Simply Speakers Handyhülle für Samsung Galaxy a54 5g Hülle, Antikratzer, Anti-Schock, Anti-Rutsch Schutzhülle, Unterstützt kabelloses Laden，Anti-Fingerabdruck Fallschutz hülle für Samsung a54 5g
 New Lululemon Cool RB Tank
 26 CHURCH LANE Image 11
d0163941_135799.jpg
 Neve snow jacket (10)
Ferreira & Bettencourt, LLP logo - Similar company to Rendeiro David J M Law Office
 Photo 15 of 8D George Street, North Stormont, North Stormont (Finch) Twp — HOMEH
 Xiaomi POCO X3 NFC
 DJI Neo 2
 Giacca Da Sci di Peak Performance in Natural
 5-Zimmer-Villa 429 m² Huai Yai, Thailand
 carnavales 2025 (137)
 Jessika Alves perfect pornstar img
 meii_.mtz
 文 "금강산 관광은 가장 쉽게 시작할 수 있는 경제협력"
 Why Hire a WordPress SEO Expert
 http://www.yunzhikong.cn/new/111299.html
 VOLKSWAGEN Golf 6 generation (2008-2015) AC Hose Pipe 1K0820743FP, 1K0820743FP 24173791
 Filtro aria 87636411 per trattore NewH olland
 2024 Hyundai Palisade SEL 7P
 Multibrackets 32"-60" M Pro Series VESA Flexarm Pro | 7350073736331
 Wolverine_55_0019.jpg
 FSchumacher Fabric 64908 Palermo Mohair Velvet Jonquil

::::::::::

Your assignment ::
Each line above needs to be written out again exactly.

Solution ::
Simply Speakers Handyhülle für Samsung Galaxy a54 5g Hülle, Antikratzer, Anti-Schock, Anti-Rutsch Schutzhülle, Unterstützt kabelloses Laden，Anti-Fingerabdruck Fallschutz hülle für Samsung a54 5g
 New Lululemon Cool RB Tank
 26 CHURCH LANE Image 11
d0163941_135799.jpg
 Neve snow jacket (10)
Ferreira & Bettencourt, LLP logo - Similar company to Rendeiro David J M Law Office
 Photo 15 of 8D George Street, North Stormont, North Stormont (Finch) Twp — HOMEH
 Xiaomi POCO X3 NFC
 DJI Neo 2
 Giacca Da Sci di Peak Performance in Natural
 5-Zimmer-Villa 429 m² Huai Yai, Thailand
 carnavales 2025 (137)
 Jessika Alves perfect pornstar img
 meii_.mtz
 文 "금강산 관광은 가장 쉽게 시작할 수 있는 경제협력"
 Why Hire a WordPress SEO Expert
 http://www.yunzhikong.cn/new/111299.html
 VOLKSWAGEN Golf 6 generation (2008-2015) AC Hose Pipe 1K0820743FP, 1K0820743FP 24173791
 Filtro aria 87636411 per trattore NewH olland
 2024 Hyundai Palisade SEL 7P
 Multibrackets 32"-60" M Pro Series VESA Flexarm Pro | 7350073736331
 Wolverine_55_0019.jpg
 FSchumacher Fabric 64908 Palermo Mohair Velvet Jonquil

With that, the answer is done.